In-situ worn geometry effect over the surface roughness propagation during micro milling process

Authors

  • Nurul Farhana Mohadzir Faculty of Manufacturing and Mechatronic Engineering Technology
  • Ainur Munira Rosli Faculty of Manufacturing and Mechatronic Engineering Technology
  • Ahmad Shahir Jamaludin Faculty of Manufacturing and Mechatronic Engineering Technology
  • Mohd Nizar Md Razali Faculty of Manufacturing and Mechatronic Engineering Technology

DOI:

https://doi.org/10.15282/jmmst.v4i1.3836

Keywords:

Tool wear, surface roughness, micro-milling, High precision machining, real time monitoring

Abstract

High-precision miniaturized components for micro-machining operations has an increasingly demand for numerous developing sectors such as medical instrumentations, electronics components, computer manufacturing, aerospace and automotive engineering.
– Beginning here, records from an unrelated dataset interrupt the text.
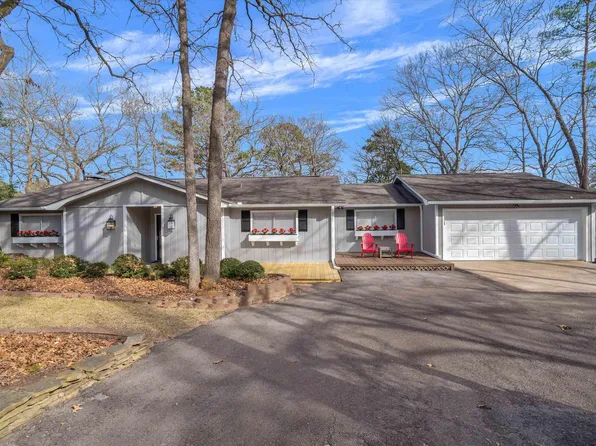 327 Peaceful Woods Trl, Holly Lake Ranch, TX 75765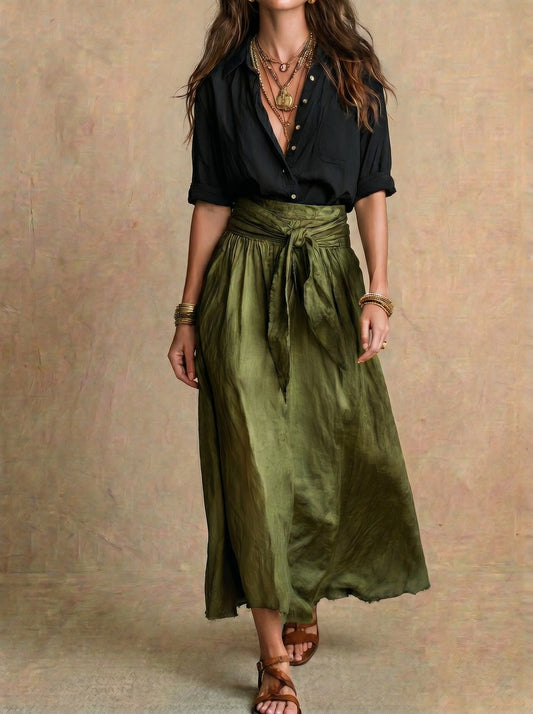 Aitana | Elegante conjunto de dos piezas: blusa negra y falda midi verde oliva para mujer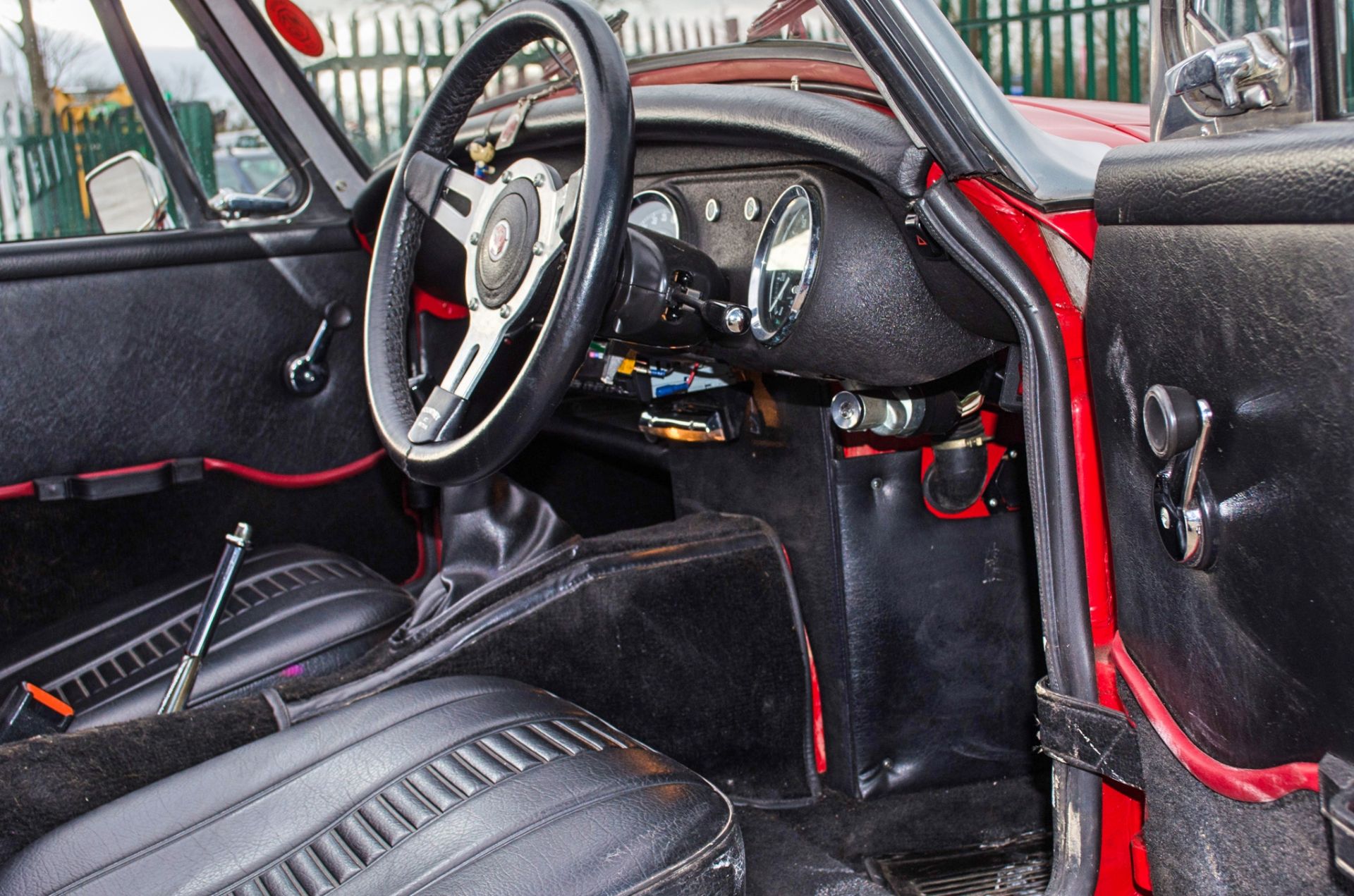 1975 MG Midget 1500 1491cc 2 door convertible - Image 36 of 55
Micro-milling has known as a flexible micro machining process and the most familiar micro mechanical machining method. Due to overcome a few difficulties in micro fabrication, micro milling is picked as an alternative way as it has potential and imperative for high accuracy machining. However, micro tools have low tool life as it is unpredictably and wear quickly. Furthermore, it also has tendency to break easily due to its micro size dimension. The study observe the behaviour of micro milling worn geometry during machining and includes a non-conventional method to measure surface roughness resulted by micro milling process in machining of mild steel AISI1045. The workpiece is prepared by using CNC milling machine with facing and slotting process. Then, the mild steel AISI1045 will undergo a machining process by a 1 mm size end mill diameter with different set of parameters which are spindle speed, feed rate, radial depth and axial depth. Lastly, for the results, the surface roughness of the machined surface will be observed and the condition of tool and the measurement of wear for the tool will be investigated.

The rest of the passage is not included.